**AIM OF THE EXERCISE:** Word for word, repeat every record.

Dataset entries:
|---|

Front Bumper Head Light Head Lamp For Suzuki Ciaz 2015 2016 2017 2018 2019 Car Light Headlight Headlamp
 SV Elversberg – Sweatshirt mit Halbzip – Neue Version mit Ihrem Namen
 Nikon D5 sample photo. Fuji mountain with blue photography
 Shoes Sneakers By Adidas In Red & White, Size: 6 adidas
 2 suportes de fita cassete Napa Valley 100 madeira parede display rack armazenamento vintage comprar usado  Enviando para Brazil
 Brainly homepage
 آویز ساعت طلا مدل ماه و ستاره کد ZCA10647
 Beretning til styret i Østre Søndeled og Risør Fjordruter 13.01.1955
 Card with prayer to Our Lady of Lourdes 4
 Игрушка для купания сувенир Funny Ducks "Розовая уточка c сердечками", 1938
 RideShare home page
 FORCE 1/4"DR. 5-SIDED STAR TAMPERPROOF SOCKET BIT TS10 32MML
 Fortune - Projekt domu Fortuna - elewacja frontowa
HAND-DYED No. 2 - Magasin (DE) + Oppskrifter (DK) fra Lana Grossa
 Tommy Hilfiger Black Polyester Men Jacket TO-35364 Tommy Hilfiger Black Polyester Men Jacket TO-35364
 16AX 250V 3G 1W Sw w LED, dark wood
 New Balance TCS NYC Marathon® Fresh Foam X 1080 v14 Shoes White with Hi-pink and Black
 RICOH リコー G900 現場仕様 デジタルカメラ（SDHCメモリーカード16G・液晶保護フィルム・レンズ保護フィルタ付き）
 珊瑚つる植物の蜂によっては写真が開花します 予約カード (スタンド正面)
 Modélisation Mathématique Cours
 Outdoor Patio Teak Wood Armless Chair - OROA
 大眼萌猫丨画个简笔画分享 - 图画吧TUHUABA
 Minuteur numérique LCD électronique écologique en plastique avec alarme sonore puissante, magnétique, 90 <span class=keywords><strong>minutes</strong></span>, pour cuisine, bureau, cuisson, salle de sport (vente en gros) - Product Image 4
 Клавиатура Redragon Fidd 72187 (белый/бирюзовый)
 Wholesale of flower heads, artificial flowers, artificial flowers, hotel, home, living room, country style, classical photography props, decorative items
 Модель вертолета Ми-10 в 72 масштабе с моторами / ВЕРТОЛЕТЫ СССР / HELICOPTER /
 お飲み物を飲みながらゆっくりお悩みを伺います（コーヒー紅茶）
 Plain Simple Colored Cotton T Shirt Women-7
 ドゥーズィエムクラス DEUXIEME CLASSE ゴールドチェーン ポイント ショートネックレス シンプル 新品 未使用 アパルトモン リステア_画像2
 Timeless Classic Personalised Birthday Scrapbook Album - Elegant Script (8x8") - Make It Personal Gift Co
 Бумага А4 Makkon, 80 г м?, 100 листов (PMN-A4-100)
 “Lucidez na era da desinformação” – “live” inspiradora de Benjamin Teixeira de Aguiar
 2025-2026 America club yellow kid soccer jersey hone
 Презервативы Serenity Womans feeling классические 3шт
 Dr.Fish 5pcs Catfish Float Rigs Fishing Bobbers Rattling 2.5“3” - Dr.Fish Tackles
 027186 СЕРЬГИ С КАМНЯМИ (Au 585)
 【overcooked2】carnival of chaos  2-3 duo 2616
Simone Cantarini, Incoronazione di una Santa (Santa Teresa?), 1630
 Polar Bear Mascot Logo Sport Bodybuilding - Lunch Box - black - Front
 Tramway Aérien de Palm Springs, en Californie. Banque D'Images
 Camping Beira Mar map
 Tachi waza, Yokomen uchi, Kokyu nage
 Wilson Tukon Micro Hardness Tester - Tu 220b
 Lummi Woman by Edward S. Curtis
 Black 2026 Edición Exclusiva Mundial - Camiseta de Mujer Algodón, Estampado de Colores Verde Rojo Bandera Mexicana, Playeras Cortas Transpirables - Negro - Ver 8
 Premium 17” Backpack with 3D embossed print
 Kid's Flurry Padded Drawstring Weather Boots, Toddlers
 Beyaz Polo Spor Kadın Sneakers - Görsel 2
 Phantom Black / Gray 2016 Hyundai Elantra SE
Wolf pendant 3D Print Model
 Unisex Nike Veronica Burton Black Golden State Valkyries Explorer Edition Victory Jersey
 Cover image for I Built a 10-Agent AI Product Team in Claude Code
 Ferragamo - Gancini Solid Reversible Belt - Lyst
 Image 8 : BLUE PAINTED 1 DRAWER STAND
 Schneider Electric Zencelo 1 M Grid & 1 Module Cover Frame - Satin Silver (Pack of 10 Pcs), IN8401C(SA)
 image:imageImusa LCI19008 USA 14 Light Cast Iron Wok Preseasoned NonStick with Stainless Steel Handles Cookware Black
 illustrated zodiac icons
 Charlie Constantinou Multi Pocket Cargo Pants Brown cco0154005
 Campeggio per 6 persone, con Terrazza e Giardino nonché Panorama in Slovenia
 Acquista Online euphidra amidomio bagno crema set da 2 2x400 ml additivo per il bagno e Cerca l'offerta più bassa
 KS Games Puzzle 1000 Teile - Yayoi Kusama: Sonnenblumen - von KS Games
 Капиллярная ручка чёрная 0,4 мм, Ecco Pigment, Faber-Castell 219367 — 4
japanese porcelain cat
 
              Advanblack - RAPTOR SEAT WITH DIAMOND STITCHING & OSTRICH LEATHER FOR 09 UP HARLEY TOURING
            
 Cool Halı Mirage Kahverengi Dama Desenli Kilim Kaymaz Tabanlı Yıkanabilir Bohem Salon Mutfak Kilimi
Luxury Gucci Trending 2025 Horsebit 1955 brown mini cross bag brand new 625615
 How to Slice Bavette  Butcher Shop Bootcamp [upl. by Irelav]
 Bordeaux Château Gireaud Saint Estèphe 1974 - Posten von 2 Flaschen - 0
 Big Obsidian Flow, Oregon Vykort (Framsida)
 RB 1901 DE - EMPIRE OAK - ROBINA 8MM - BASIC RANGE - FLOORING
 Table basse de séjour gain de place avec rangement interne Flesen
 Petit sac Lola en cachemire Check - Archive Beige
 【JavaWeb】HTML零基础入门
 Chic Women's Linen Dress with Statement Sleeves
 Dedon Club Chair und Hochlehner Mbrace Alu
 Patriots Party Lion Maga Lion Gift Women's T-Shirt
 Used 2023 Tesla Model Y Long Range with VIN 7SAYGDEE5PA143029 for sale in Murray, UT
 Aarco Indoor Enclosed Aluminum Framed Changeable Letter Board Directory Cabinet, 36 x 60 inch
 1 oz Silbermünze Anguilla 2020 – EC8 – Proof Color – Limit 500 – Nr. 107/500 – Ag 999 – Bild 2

|---|

**WRITTEN RESPONSE:**
Front Bumper Head Light Head Lamp For Suzuki Ciaz 2015 2016 2017 2018 2019 Car Light Headlight Headlamp
 SV Elversberg – Sweatshirt mit Halbzip – Neue Version mit Ihrem Namen
 Nikon D5 sample photo. Fuji mountain with blue photography
 Shoes Sneakers By Adidas In Red & White, Size: 6 adidas
 2 suportes de fita cassete Napa Valley 100 madeira parede display rack armazenamento vintage comprar usado  Enviando para Brazil
 Brainly homepage
 آویز ساعت طلا مدل ماه و ستاره کد ZCA10647
 Beretning til styret i Østre Søndeled og Risør Fjordruter 13.01.1955
 Card with prayer to Our Lady of Lourdes 4
 Игрушка для купания сувенир Funny Ducks "Розовая уточка c сердечками", 1938
 RideShare home page
 FORCE 1/4"DR. 5-SIDED STAR TAMPERPROOF SOCKET BIT TS10 32MML
 Fortune - Projekt domu Fortuna - elewacja frontowa
HAND-DYED No. 2 - Magasin (DE) + Oppskrifter (DK) fra Lana Grossa
 Tommy Hilfiger Black Polyester Men Jacket TO-35364 Tommy Hilfiger Black Polyester Men Jacket TO-35364
 16AX 250V 3G 1W Sw w LED, dark wood
 New Balance TCS NYC Marathon® Fresh Foam X 1080 v14 Shoes White with Hi-pink and Black
 RICOH リコー G900 現場仕様 デジタルカメラ（SDHCメモリーカード16G・液晶保護フィルム・レンズ保護フィルタ付き）
 珊瑚つる植物の蜂によっては写真が開花します 予約カード (スタンド正面)
 Modélisation Mathématique Cours
 Outdoor Patio Teak Wood Armless Chair - OROA
 大眼萌猫丨画个简笔画分享 - 图画吧TUHUABA
 Minuteur numérique LCD électronique écologique en plastique avec alarme sonore puissante, magnétique, 90 <span class=keywords><strong>minutes</strong></span>, pour cuisine, bureau, cuisson, salle de sport (vente en gros) - Product Image 4
 Клавиатура Redragon Fidd 72187 (белый/бирюзовый)
 Wholesale of flower heads, artificial flowers, artificial flowers, hotel, home, living room, country style, classical photography props, decorative items
 Модель вертолета Ми-10 в 72 масштабе с моторами / ВЕРТОЛЕТЫ СССР / HELICOPTER /
 お飲み物を飲みながらゆっくりお悩みを伺います（コーヒー紅茶）
 Plain Simple Colored Cotton T Shirt Women-7
 ドゥーズィエムクラス DEUXIEME CLASSE ゴールドチェーン ポイント ショートネックレス シンプル 新品 未使用 アパルトモン リステア_画像2
 Timeless Classic Personalised Birthday Scrapbook Album - Elegant Script (8x8") - Make It Personal Gift Co
 Бумага А4 Makkon, 80 г м?, 100 листов (PMN-A4-100)
 “Lucidez na era da desinformação” – “live” inspiradora de Benjamin Teixeira de Aguiar
 2025-2026 America club yellow kid soccer jersey hone
 Презервативы Serenity Womans feeling классические 3шт
 Dr.Fish 5pcs Catfish Float Rigs Fishing Bobbers Rattling 2.5“3” - Dr.Fish Tackles
 027186 СЕРЬГИ С КАМНЯМИ (Au 585)
 【overcooked2】carnival of chaos  2-3 duo 2616
Simone Cantarini, Incoronazione di una Santa (Santa Teresa?), 1630
 Polar Bear Mascot Logo Sport Bodybuilding - Lunch Box - black - Front
 Tramway Aérien de Palm Springs, en Californie. Banque D'Images
 Camping Beira Mar map
 Tachi waza, Yokomen uchi, Kokyu nage
 Wilson Tukon Micro Hardness Tester - Tu 220b
 Lummi Woman by Edward S. Curtis
 Black 2026 Edición Exclusiva Mundial - Camiseta de Mujer Algodón, Estampado de Colores Verde Rojo Bandera Mexicana, Playeras Cortas Transpirables - Negro - Ver 8
 Premium 17” Backpack with 3D embossed print
 Kid's Flurry Padded Drawstring Weather Boots, Toddlers
 Beyaz Polo Spor Kadın Sneakers - Görsel 2
 Phantom Black / Gray 2016 Hyundai Elantra SE
Wolf pendant 3D Print Model
 Unisex Nike Veronica Burton Black Golden State Valkyries Explorer Edition Victory Jersey
 Cover image for I Built a 10-Agent AI Product Team in Claude Code
 Ferragamo - Gancini Solid Reversible Belt - Lyst
 Image 8 : BLUE PAINTED 1 DRAWER STAND
 Schneider Electric Zencelo 1 M Grid & 1 Module Cover Frame - Satin Silver (Pack of 10 Pcs), IN8401C(SA)
 image:imageImusa LCI19008 USA 14 Light Cast Iron Wok Preseasoned NonStick with Stainless Steel Handles Cookware Black
 illustrated zodiac icons
 Charlie Constantinou Multi Pocket Cargo Pants Brown cco0154005
 Campeggio per 6 persone, con Terrazza e Giardino nonché Panorama in Slovenia
 Acquista Online euphidra amidomio bagno crema set da 2 2x400 ml additivo per il bagno e Cerca l'offerta più bassa
 KS Games Puzzle 1000 Teile - Yayoi Kusama: Sonnenblumen - von KS Games
 Капиллярная ручка чёрная 0,4 мм, Ecco Pigment, Faber-Castell 219367 — 4
japanese porcelain cat
 
              Advanblack - RAPTOR SEAT WITH DIAMOND STITCHING & OSTRICH LEATHER FOR 09 UP HARLEY TOURING
            
 Cool Halı Mirage Kahverengi Dama Desenli Kilim Kaymaz Tabanlı Yıkanabilir Bohem Salon Mutfak Kilimi
Luxury Gucci Trending 2025 Horsebit 1955 brown mini cross bag brand new 625615
 How to Slice Bavette  Butcher Shop Bootcamp [upl. by Irelav]
 Bordeaux Château Gireaud Saint Estèphe 1974 - Posten von 2 Flaschen - 0
 Big Obsidian Flow, Oregon Vykort (Framsida)
 RB 1901 DE - EMPIRE OAK - ROBINA 8MM - BASIC RANGE - FLOORING
 Table basse de séjour gain de place avec rangement interne Flesen
 Petit sac Lola en cachemire Check - Archive Beige
 【JavaWeb】HTML零基础入门
 Chic Women's Linen Dress with Statement Sleeves
 Dedon Club Chair und Hochlehner Mbrace Alu
 Patriots Party Lion Maga Lion Gift Women's T-Shirt
 Used 2023 Tesla Model Y Long Range with VIN 7SAYGDEE5PA143029 for sale in Murray, UT
 Aarco Indoor Enclosed Aluminum Framed Changeable Letter Board Directory Cabinet, 36 x 60 inch
 1 oz Silbermünze Anguilla 2020 – EC8 – Proof Color – Limit 500 – Nr. 107/500 – Ag 999 – Bild 2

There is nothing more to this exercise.